Now bearing in mind the foregoing instructions, if you believe from the evidence beyond a reasonable doubt, that . . . Rodriguez . . . did then and there intentionally, knowingly, or recklessly possess . . . [m]ethamphetamine, on property owned, used[,] or controlled by a correctional facility, to-wit: the Comal [C]ounty jail, the[n] you will find [Rodriguez] guilty of the offense of Prohibited Substance in a Correctional Facility.

On appeal, Rodriguez contends that the inclusion of a reckless mental state was improper for several reasons. First, Rodriguez argues that "'Reckless Possession of a Controlled Substance' is [n]ot an [o]ffense" under the Penal Code. Although the statutory provision forbidding possession in a correctional facility does not specify what culpable mental state is required for an offense, see id. § 38.11(d), Rodriguez insists that only intentional or knowing conduct can constitute an offense and points to statutes and case law governing the offense of possession of a controlled substance as support for this proposition, see, e.g., id. § 1.07(a)(39) (defining "[p]ossession); Tex. Health & Safety Code § 481.115(a) (setting out offense of possession of controlled substance); Poindexter v. State, 153 S.W.3d 402, 405 (Tex. Crim. App. 2005) (setting out requirements for proving "unlawful possession of a controlled substance"), abrogated on other grounds by Robinson v. State, 466 S.W.3d 166, 173 & n.32 (Tex. Crim. App. 2015).

Additionally, Rodriguez argues that "[e]ven if reckless possession were an offense under the laws of this [S]tate," the indictment did not charge him for that offense and that including recklessness in the jury charge but not in the indictment deprived him "of [n]otice of the [a]ct or [a]cts [r]elied [u]pon to [c]onstitute '[r]ecklessness.'" See Tex. Code Crim. Proc. art. 21.15 (explaining that if "it is charged that the accused acted recklessly," indictment "must allege, with reasonable certainty, the act or acts relied upon to constitute recklessness").

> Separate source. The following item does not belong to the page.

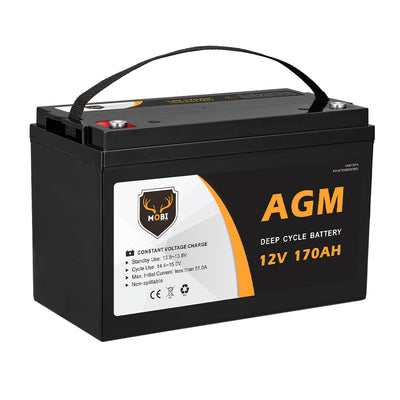 170AH 12V AGM Battery Camping Marine 4WD Fridge Solar Deep Cycle Battery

For purposes of resolving this issue on appeal, we will assume without deciding that the inclusion of a mental state of recklessness was error. If an appellate court determines that there is error present in a jury charge, it must then evaluate the harm caused by the error. See Ngo v. State, 175 S.W.3d 738, 743 (Tex. Crim. App. 2005). The amount of harm needed for a reversal depends on whether a complaint regarding "that error was preserved in the trial court." Swearingen v. State, 270 S.W.3d 804, 808 (Tex. App.—Austin 2008, pet. ref'd). If the defendant made a timely objection, reversal is required if there has been "some harm." Almanza v. State, 686 S.W.2d 157, 171 (Tex. Crim. App. 1985) (op. on reh'g). However, if no objection was made, a reversal is warranted only if the error "resulted in 'egregious harm.'" See Neal v. State, 256 S.W.3d 264, 278 (Tex. Crim. App. 2008) (quoting Almanza, 686 S.W.2d at 171).

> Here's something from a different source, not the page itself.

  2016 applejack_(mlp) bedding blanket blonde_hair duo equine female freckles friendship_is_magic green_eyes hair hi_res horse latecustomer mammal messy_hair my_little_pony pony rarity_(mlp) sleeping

In this case, Rodriguez contends that this Court should determine whether there was some harm stemming from the error because he objected to the inclusion of the reckless mental state, but the State contends that this Court should address whether Rodriguez was egregiously harmed because he failed to properly object to the jury instructions.2 For purposes of resolving this issue on appeal, we will assume for the sake of argument that Rodriguez objected to the inclusionof a reckless mental state in the abstract and application sections of the jury charge. Accordingly, we will analyze whether Rodriguez suffered some harm by the inclusion of the reckless mental state.